# Tell me do you like these curtains?



## hollydolly (Mar 6, 2022)

I have been searching for new  summer curtains for my livinroom which has double aspect windows.., and for the first time, ready made.  .. I was initially going to get a neutral or cream, and then I realised that my last summer curtains were plain cream/neutral , and the winter ones I have up now are heavyweight  cream and red... so instead I looked at this pale grey patterned... lightweight...

My  3 walls in the livingroom, are white..above the  dado rail  and  the palest of lemon underneath. My fourth wall  is a feature wall and  is wallpapered with Red wallpaper.. , my sofas are burgundy.. my sideboard is pale  grey , and my carpet is beige... with beige and red rugs... 

I've spent ages looking at various curtains, and their reviews... and have put a few in the virtual basket, but then I came across these grey... and I like them but I;m not sure about the colour  grey... whaddya think ?

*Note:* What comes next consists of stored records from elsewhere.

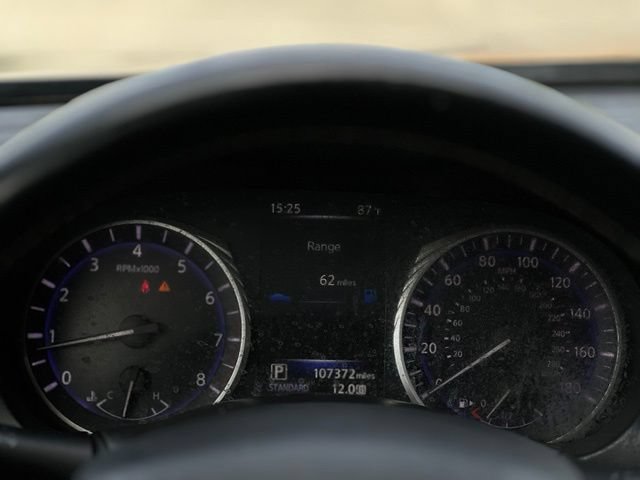 Used 2017 INFINITI Q50 2.0t w/ Moonroof Package RWD image 35
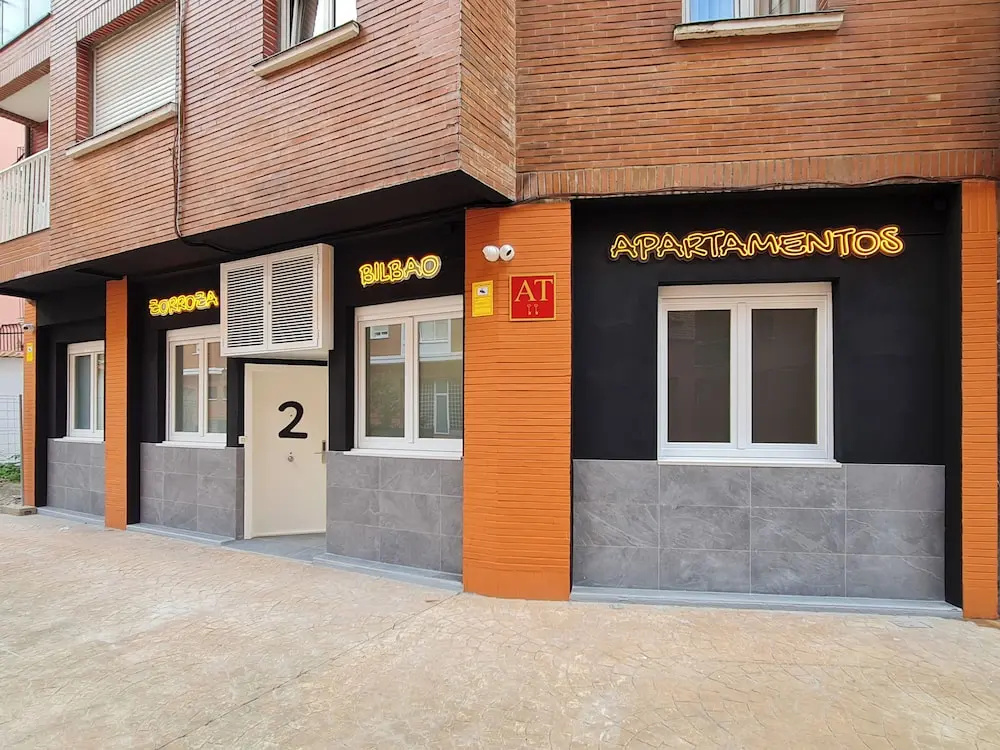 Bilbao APARTAMENTOS Zorroza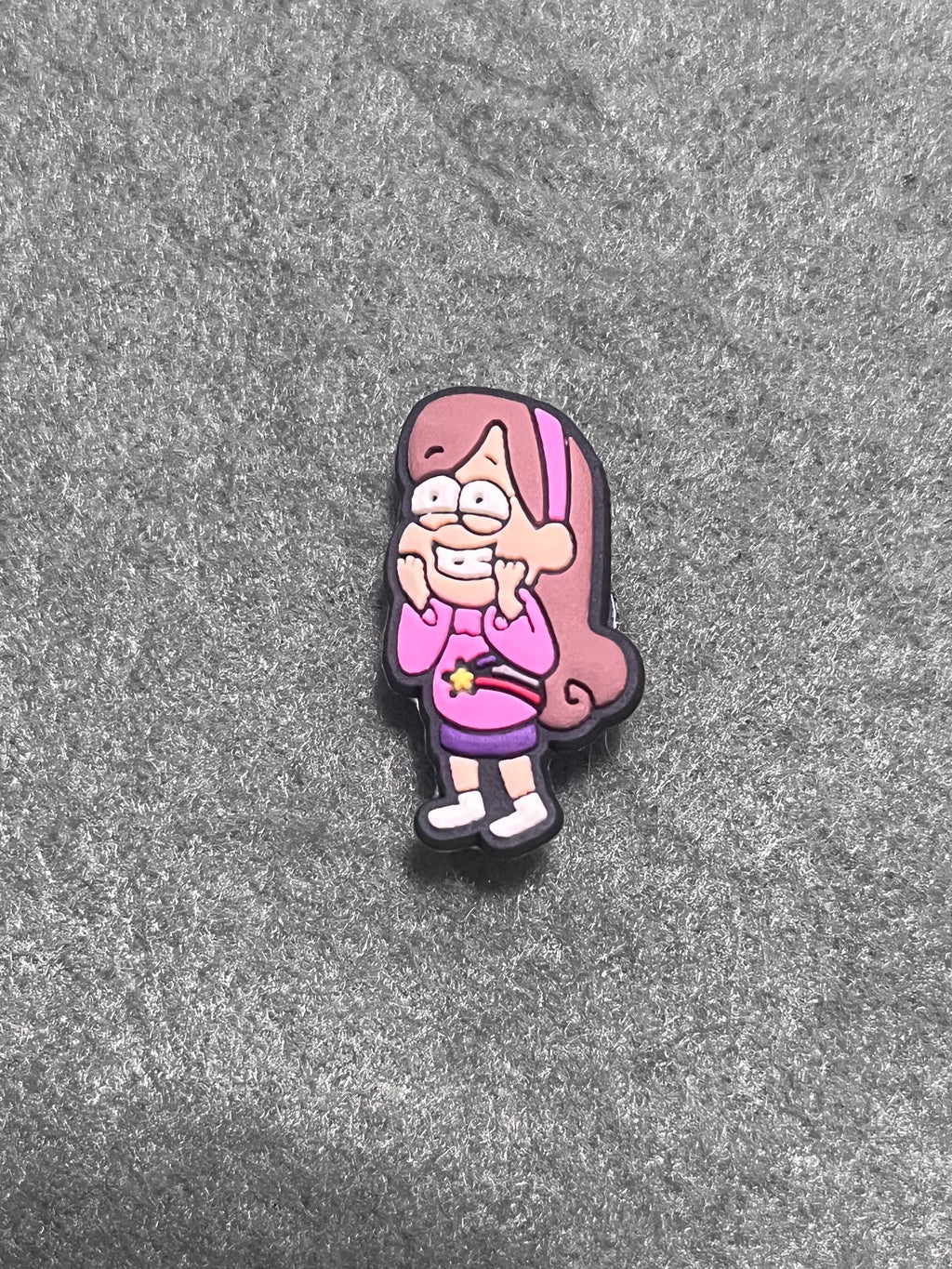 Mystery Falls Shoe Charms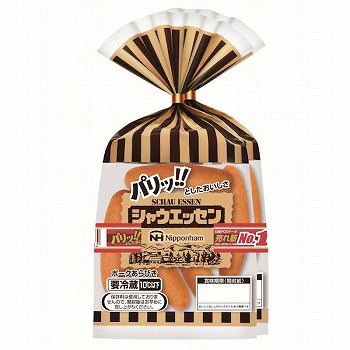 日本ハム シャウエッセン １２７ｇ ２袋 イオン仙台中山店 ネットスーパー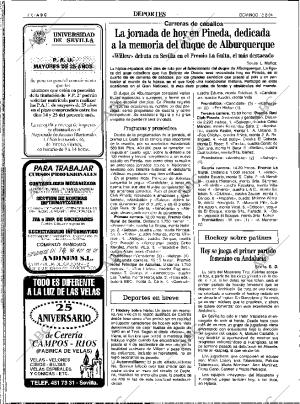 ABC SEVILLA 13-02-1994 página 116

https://www.dunelm.com/product/havisham-grey-eyelet-curtains-1000194491


----------



## hollydolly (Mar 6, 2022)

Oh I've just found another I like ...but these have no real reviews so it's hard to know if they're any good...

https://www.dunelm.com/product/riverside-grasses-natural-eyelet-curtains-1000195133


----------



## Devi (Mar 6, 2022)

hollydolly said:


> Oh I've just found another I like ...but these have no real reviews so it's hard to know if they're any good...
> 
> https://www.dunelm.com/product/riverside-grasses-natural-eyelet-curtains-1000195133


I like the second ones best, although it's hard to say without seeing the room how they'll go.


----------



## RadishRose (Mar 6, 2022)

The beigy grass-pattern is nicer I think, than the gray.
Hard to tell unless in the room.


----------



## AnnieA (Mar 6, 2022)

I like the OP gray better for summer.


----------



## Lee (Mar 6, 2022)

Grey is the "in" colour now according to the designers. Good to know if you care about that stuff.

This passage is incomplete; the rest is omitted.